HypoRiPPAtlas: an Atlas of Hypothetical Natural Products for Mass Spectrometry Database Search
Authors:
Yi-Yuan Lee1,2, Mustafa Guler1* (mguler@andrew.cmu.edu), Desnor N. Chigumba3, Shen Wang1, Neel Mitta1, Cameron Miller1, Benjamin Krummenacher1, Haodong Liu1, Liu Cao1, Aditya Kannan1, Keshav Narayan1, Samuel T Slocum4, Bryan L Roth4, Alexey Gurevich5, Bahar Behsaz1, Roland D. Kersten3, and Hosein Mohimani1
Institutions:
1Carnegie Mellon University; 2Cornell University; 3University of Michigan; 4University of North Carolina; and 5St. Petersburg State University
URLs:
Abstract
Recent analysis of hundreds of thousands of public microbial genomes has resulted in the discovery of over a million biosynthetic gene clusters (BGCs; Hadjithomas et al. 2016; Blin et al. 2016; Kautsar et al 2021). Gene-to-molecule approaches are therefore urgently needed for microbial and plant natural product (NP) discovery in light of rapidly growing microbial and plant genetic resources. Currently, the NPs for the majority of BGCs remain unknown. Global natural product social (GNPS) molecular networking infrastructure harbors billions of mass spectra of NPs with unknown structures and biosynthetic genes. In order to bridge the gap between large scale genome mining and mass spectral datasets for NP discovery, researchers developed HypoRiPPAtlas, an atlas of hypothetical NP structures, which can be readily used for in silico database search of tandem mass spectra.

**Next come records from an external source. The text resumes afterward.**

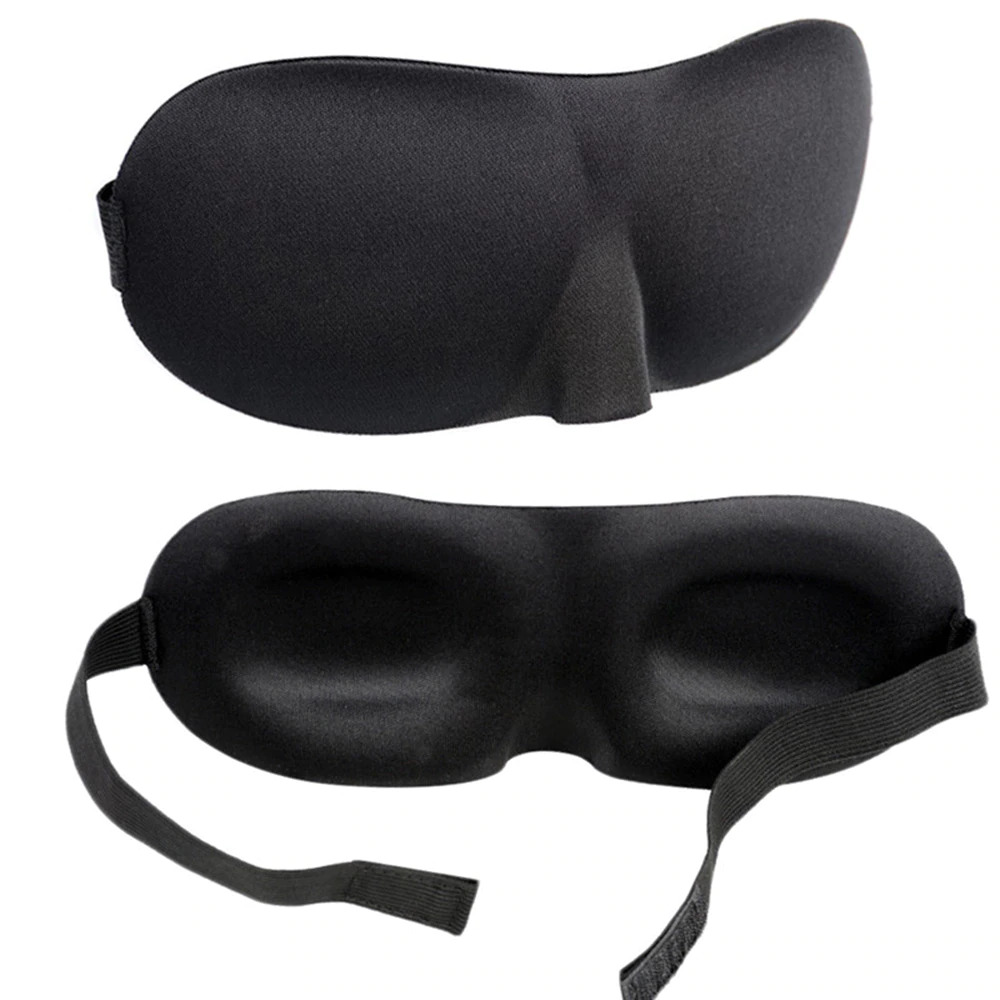 Picture of Travel Sleeping Eye Maskk Eye Massager 3D Memory Soft Portable Blindfold Travel Eyepatch Eye Maskks-Black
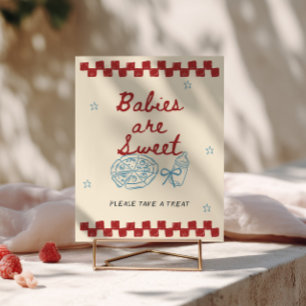 Special Delivery Pizza Shower Babys sind süß Poster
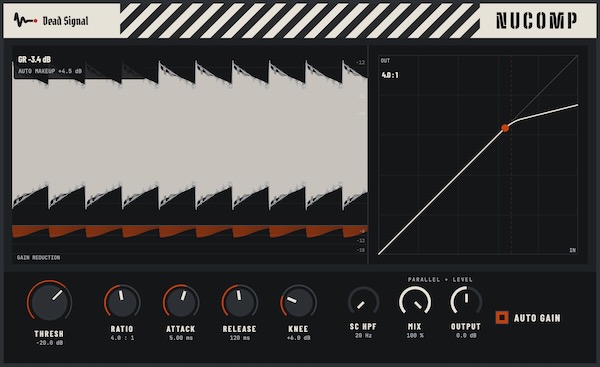 Dead Signal Audio「The Nu series」ダイナミックEQ・コンプレッサー・ノイズゲート・サチュレーターの4種を収録！ヘヴィなサウンド制作向けエフェクト集｜DTMプラグインセール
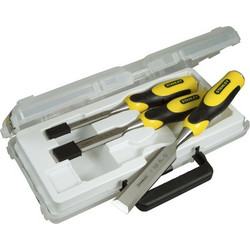 STANLEY 2-16-887 Σετ Σκαρπέλα Ξύλου 10-15-20mm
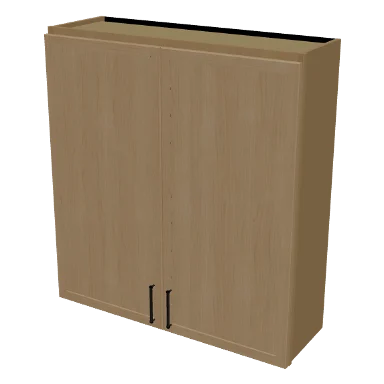 W3942 cabinet in Micro Shaker White Oak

HypoRiPPAtlas is constructed by mining the genomes of 22,671 microbial strains from the RefSeq database using seq2ripp, a novel machine learning tool for prediction of ribosomally synthesized and post-translationally modified peptides (RiPPs). Seq2ripp outperforms currently existing RiPP mining tools in identification of known MiBIG RiPPs from genomic inputs. Searching the hypothetical molecules from the Atlas against 46 mass spectral datasets from GNPS resulted in the discovery of numerous RiPPs, including two novel lassopeptides and one lanthipeptide from Streptomyces sp. NRRL B-2660, WC-3904 and WC-3560. Moreover, seq2ripp discovered ten plant RiPPs including elaeagnin, a member of a new BURP-domain-derived RiPP class with a novel post-translational modification (PTM) from silverberry (Elaeagnus pungens). By addressing the fundamental challenge of predicting structures from NP biosynthetic genes, the HypoRiPPAtlas approach has therefore the potential to close the gap between biosynthetic genes and their natural products in genomic NP discovery, which could be extended to other NP classes in the future by implementing corresponding biosynthetic logic.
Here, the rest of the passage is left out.